What I am convinced of, as a “mature” student, is that expectations are not always right. The expectation that you will go to university or trade school or go straight to work and stay there is wrong. Life runs something like this: Don’t think too hard about things, race through the week to the weekend, then race through the next week. Race to own your own place, race to settle down, race to retirement. Run hard! Wait, stop! I can run forward forever with my eyes closed like the world encourages me to, and really get nowhere because I didn’t realize that I was running on a treadmill instead of the open road: racing onwards and reaching no significant destination other than a socially acceptable adult life. I want something more interesting than that. I want to climb a mountain and stand on top and scream, whether everyone thinks that’s great or not.
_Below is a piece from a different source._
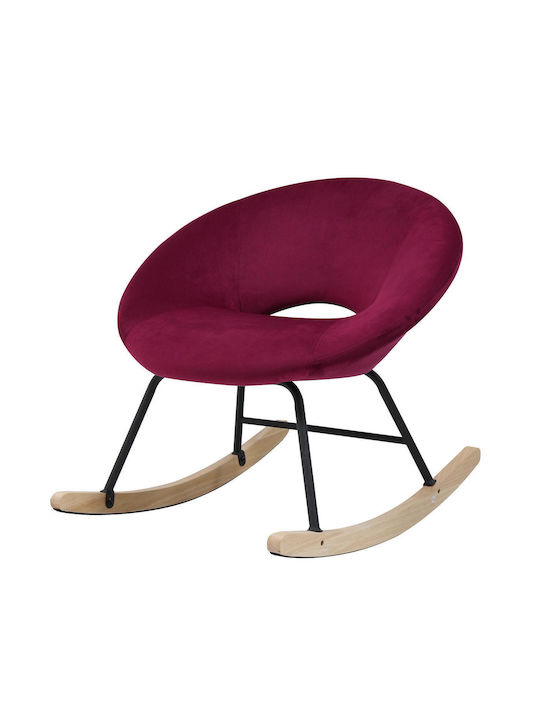 Aiden Schaukelstuhl Samt Red 73.5x85x73cm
The pressure is there though. I plan on applying to a secondary college this year, one that is difficult to get into, and I told some friends (a pair of married engineers) that if I didn’t get in I would be taking a year off. I’ve talked with my parents, especially my father about this before. I have no plans to let university rule my life the way high school did, when I want a break I’ll take one and do something I want to do regardless of it’s relevance to my degree. The family friends I told this to though, were horrified. They started assuring me I was smart and saying there’s no reason I needed to do that. They’re right, I don’t need to take a year off, I want to. I never want to catch myself following sheople around just because they say they’re right.
I’m sure some of these first years are going in with open eyes, and really want to continue school but, how many are going to piddle away first year (and all their money) partying because they really aren’t there to go to school? Stop racing onwards! Start climbing upwards! I’m not saying don’t work, but rather work hard at whatever you like- don’t consult the world. Want to be a saddle maker for horses? Search out a great saddler and ask if they take apprentices, if they don’t find someone who does. Want to be a travel writer? Earn some money, travel, write, send your work to people see what they think. Want to try out something? Try it out, maybe you’ll end up wanting to take a degree in it. Take a journey to what it is you want and let the experiences along the way shape you.
All you first years, I have loads of love for you, dream big. Don’t sell yourself short just because the world wants you to. Find what you love before you shell out thousands of dollars a year to take a degree in it.